China seems fine with that. “We did not intend to compete with the ISS in terms of scale,” Gu Yidong, chief scientist of China’s human exploration program, told Scientific American.
And it doesn’t mean the station won’t boast some useful space capabilities. Tianhe will be the primary living quarters for any astronauts on board, and the next two segments, Wentian and Mengtian, will support an array of scientific experiments taking advantage of the station’s microgravity. They may investigate the study of fluid dynamics and phase changes, for example, or the growth and evolution of organisms.
There will be 14 refrigerator-sized experiment racks inside the station, and another 50 docking points for experiments that can be mounted outside to expose materials to the vacuum of space. China has already reached out to international partners to solicit experiments. Five docking ports and a host of robotic arms will ensure safe visits from other spacecraft and set up the possibility of expanding the station itself.
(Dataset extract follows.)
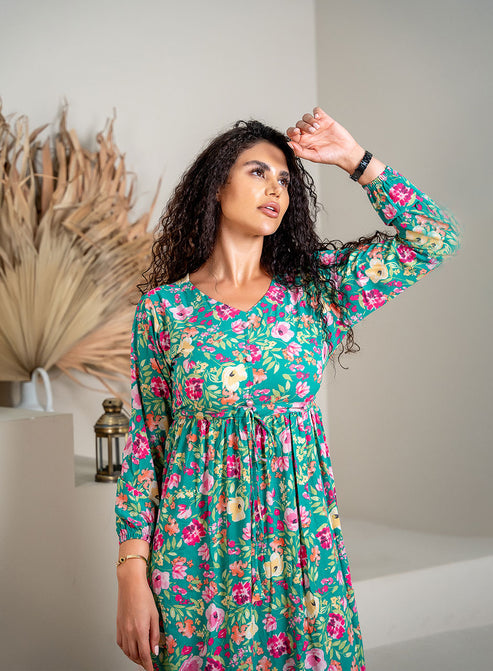 Fresh Flower Maxi: Sea Green Delight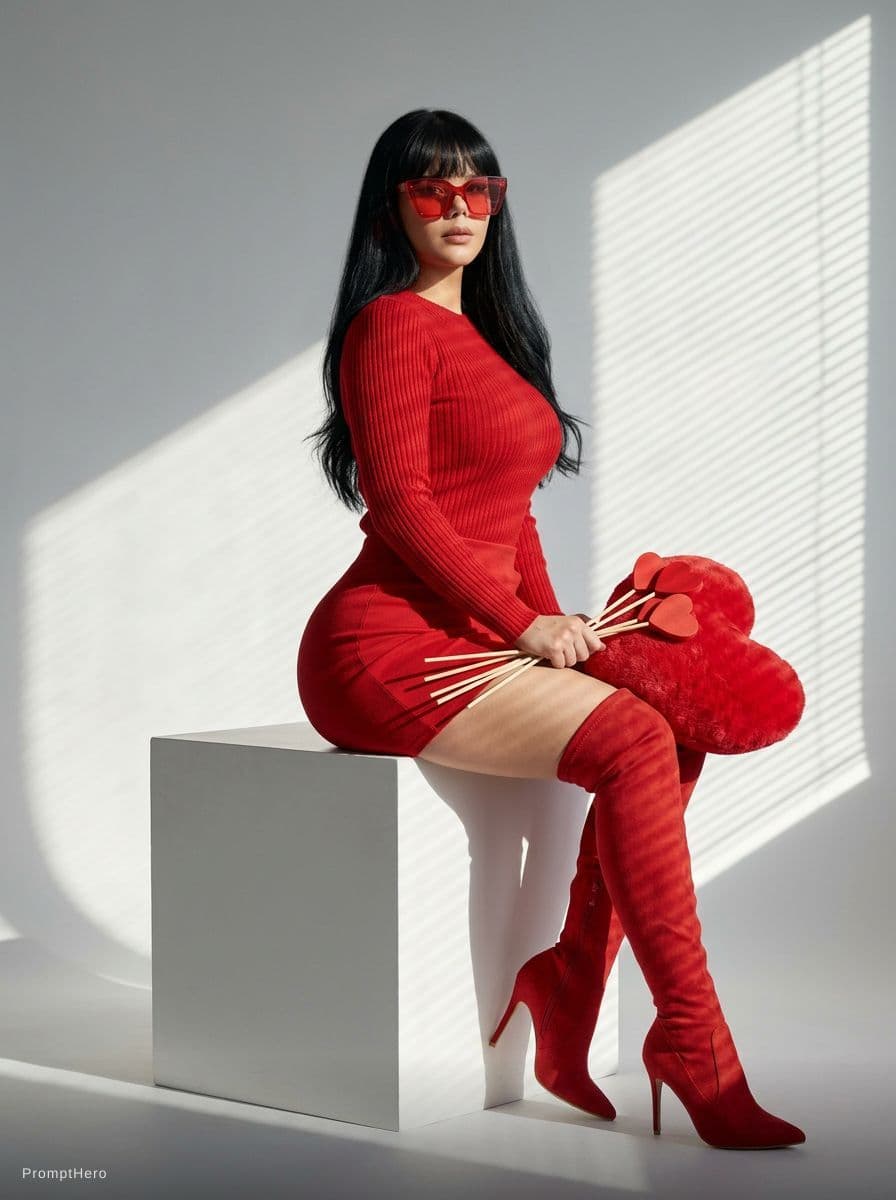 AI generated: Create a hyper–realistic studio fashion photograph of a woman seated in a minimalist editorial set. ...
Perhaps most exciting, the station will play an important role in helping China deploy and operate a brand-new space telescope, Xuntian, meant to rival NASA’s aging Hubble Space Telescope, with a field of view 300 times larger and a similar resolution. It will make observations in ultraviolet and visible light, running investigations related to dark matter and dark energy, cosmology, galactic evolution, and the detection of nearby objects. Scheduled to launch in 2024, Xuntian will be able to dock with the CSS for easy repairs and maintenance.
Furthermore, the station can act as a platform for testing technologies that will be critical for sustaining a long-term presence on the moon and Mars one day. These include habitation and life support systems, solar power, and shielding from radiation and micrometeorite impacts.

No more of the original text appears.